To attract attention to this new network of journalists, Halime has developed relationships with mainstream journalists that can help feature the women’s stories. After endless lobbying efforts, a few articles from her network of reporters were picked up for the first time by mainstream media. For instance, an article by a local female reporter on an honor killing was picked up on some web-sites and then by BBC. After BBC covered the story and interviewed the local reporter, Turkey’s leading newspaper, Hurriyet, featured the news in their headlines. The issue of honor killing was then debated publicly for a significant time because of the interest generated by this initial article. The Local Women Reporter’s Network has had such initial success that a very well known documentary, “The Game”, was made based on a story initially written by one of the women in Halime’s reporter network. The article had covered a group of village women who gather for a theater play, where they caricaturize their lives. The director of “The Game” contacted Halime to get in touch with the women directly, and began filming the next week. The documentary remains widely popular in Turkey and has won several prizes at international film festivals. The Local Women Reporters’ Network has quickly developed a reputation for quality journalism on women’s issues, and has become a reference point largely because of Halime’s lobbying efforts in Ankara and her close relations with the media. Today it is not uncommon for her network to receive calls from mainstream media asking if one of the female reporters would cover a story from their perspective. In addition, Halime keeps a searchable archive of all the articles produced by the Local Women Reporters’ Network on a website accessible by the public and all media outlets. Halime’s initial group of 12 reporters from 12 cities will grow to include eight more women in eight more cities in the coming year.

Her goal is to have trained reporters to illuminate women’s issues in each of Turkey’s 81 major cities. Halime has recently launched a new project, “We are building bridges”, to facilitate group learning and consciousness-raising for women in 28 cities. In each city, women gather to discuss a range of topics from the perspective of women, their struggles, and their needs—including human rights, democratic participation, leadership, education, and domestic violence prevention. Halime has invited local authorities and public administrators to these meeting to build bridges not only between citizen organizations but also government in the hopes that once perception changes, policy change will follow.

The Person

Halime, a tireless advocate of women’s rights, was committed to fight discrimination and violence against women from an early age in large part because of her father’s violence against her mother. After her graduation from university, where she was trained to be a social worker, she worked for the Ministry of Tourism, and her interest in gender equality led her to get a job for the State Minister as chief consultant responsible for women’s issues.
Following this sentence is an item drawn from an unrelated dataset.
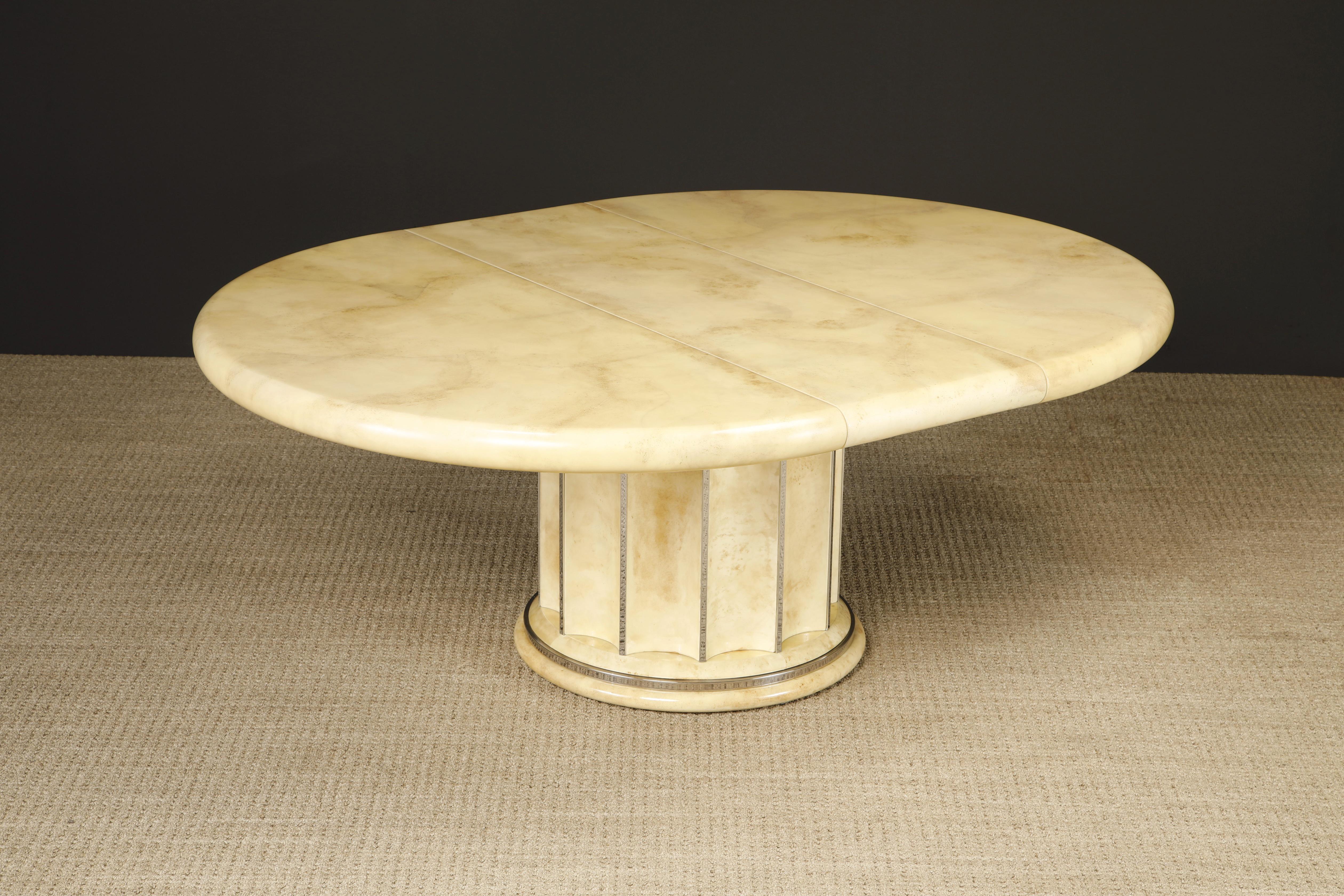 Late 20th Century Extendable Lacquered Goatskin Dining Table, c 1970, Restored w French Polish For Sale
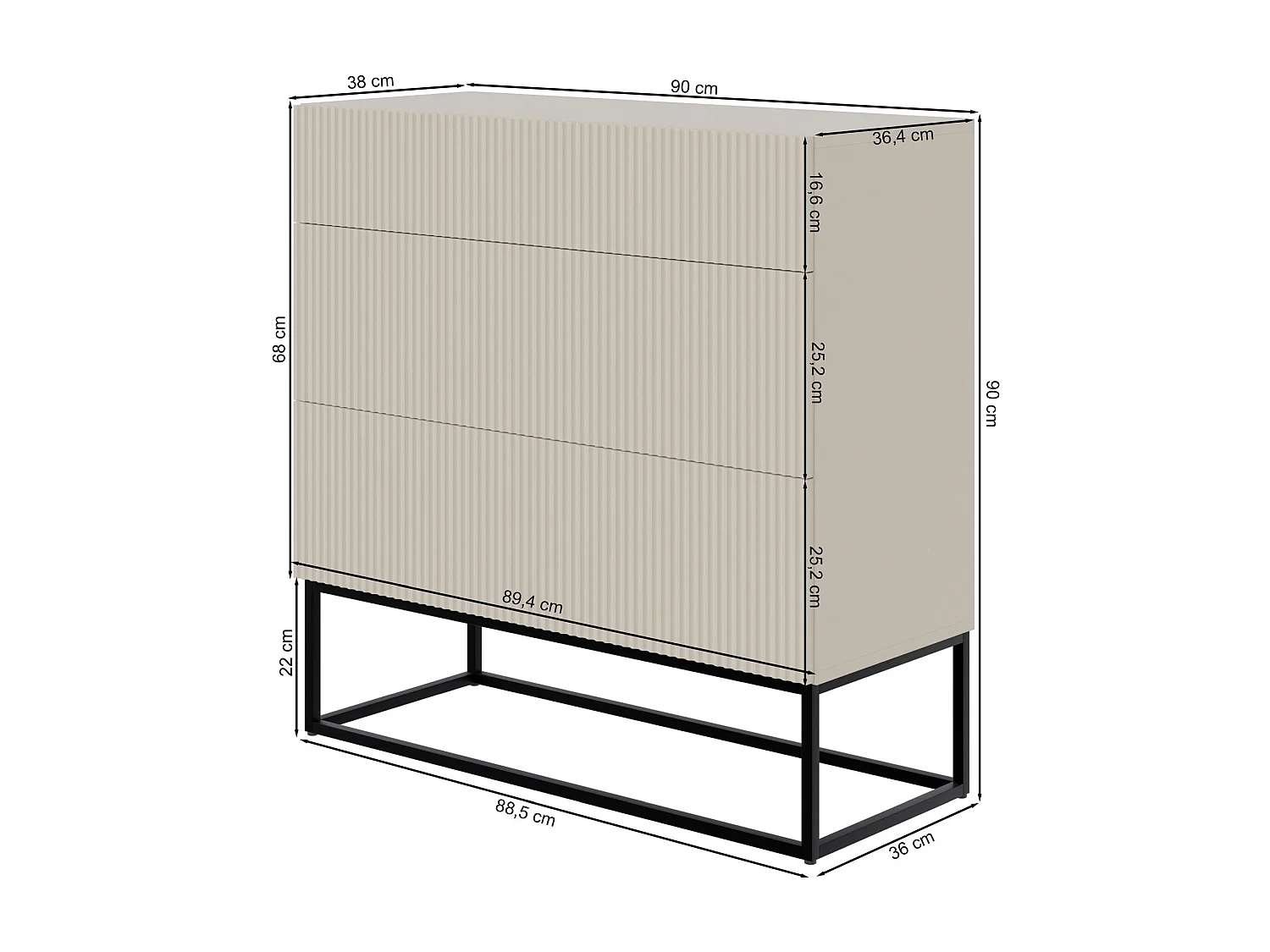 Commode 3 tiroirs - 90 cm - blanc avec pieds noirs - VELDIO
Halime has been a very active member of the women’s rights movement in Turkey. She helped establish the first women’s shelter in Ankara, and continues to consult for various citizen organizations working on gender equality and violence against women. For her contribution to women’s rights efforts in Turkey she has received several public service awards including from the Public Sector Workers’ Union.Halime has long felt that absence of an integrated database and common platform of organizations working on women’s issues was preventing a truly effective grassroots movement. After her retirement from public service, Halime founded Flying Broom to bring together women’s groups all over Turkey into a common network. After completing a database of all of the women’s groups in Turkey in 2000, she organized several grassroots activities to increase advocacy for women.

With the involvement of local groups, Halime organized educational and awareness programs for local women, such as civil rights, legal rights, and women’s rights. It was then that she was struck with her newest idea to bring women’s issues into the mainstream media through the Local Women Reporters’ Network.